I'm confident that dropping credit cards would result in less business lost
than dropping standard-capacity magazines.

> The result is that you'll likely end up with all large gun stores not
> stocking these items.

Can you name some "large gun stores"? I know of a couple online, but I also
know that the sets "customer who buy 'assault weapons'" and "customers who buy
from large retailers" are very nearly disjoint.

> You'll have a few boutique stores that can't take card, but do have a wide
> selection of more powerful weapons and then they can explain when 99% of
> school shooters get their guns from these 1-2% of gun shops.

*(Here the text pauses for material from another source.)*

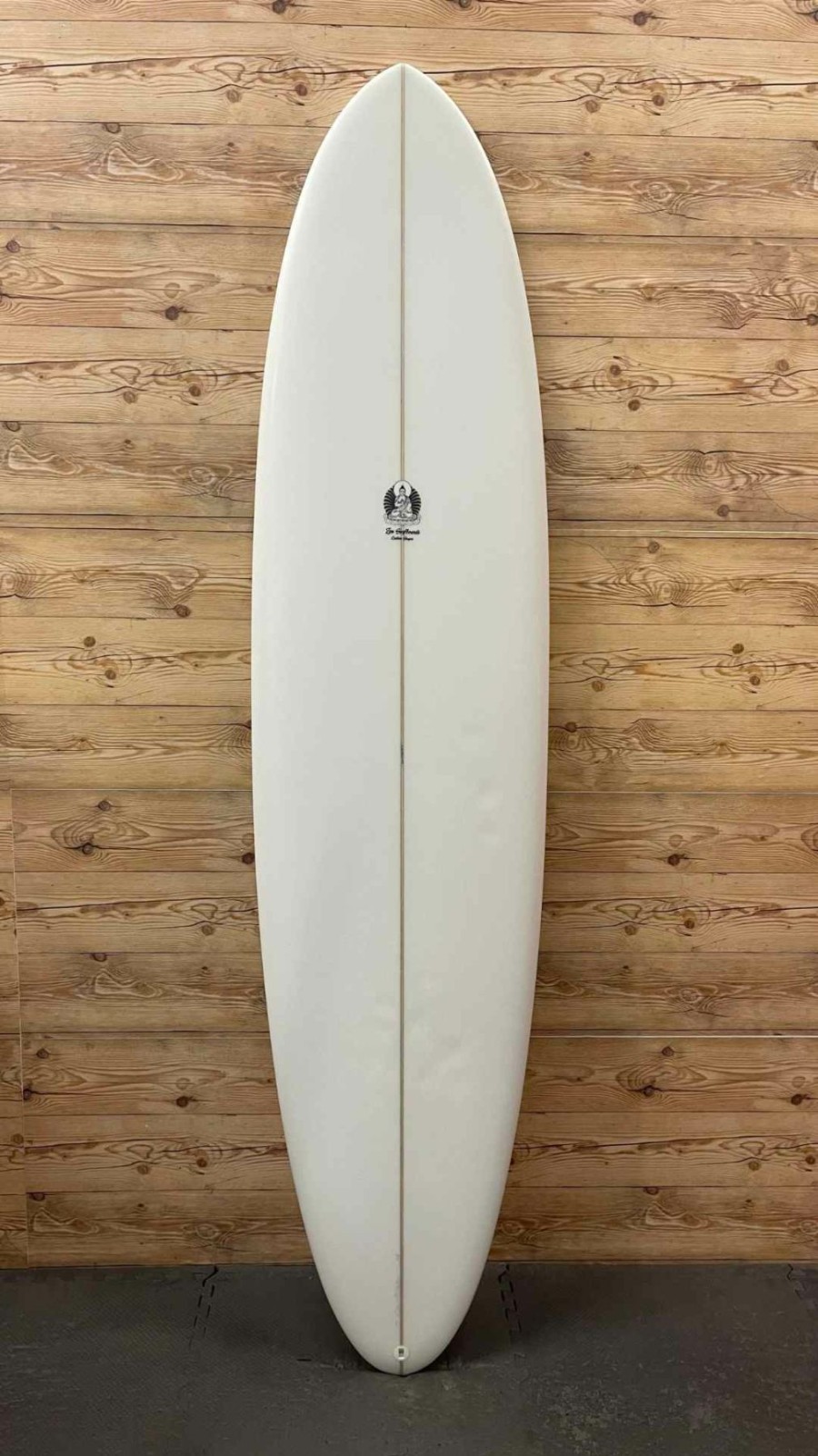 Fin Setup * | Online 7'6 X 21 5/8 X 2 7/8 Zen Matador Twinzer Mid-Length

There are already _at least_ ten million AR variants in the US. They don't
expire.

------
peterwwillis
Or, you know, voters could just vote people out of office for supporting the
gun lobby. But I think the author realizes it's a lot easier to use public
pressure by liberal backers to force a subset of private entities who aren't
beholden to the entire public to force their will on everyone.

This idea of using corporations to legislate the nation's woes is not a good
idea. It subverts and undermines the democratic process and makes corporations
the leaders of a plutocracy.

I think people just realize that mass shootings are a small problem nationally
and would take a large amount of effort to solve, and just choose to whine
rather than fix anything.

461 people were killed in mass shootings last year in the U.S. But only 650
were killed in Chicago alone in "regular old murder". When it's poor black
people getting killed, meh, business as usual. But kids? And especially large
numbers of white kids? _Now_ we need to get rid of guns.

Give me a break.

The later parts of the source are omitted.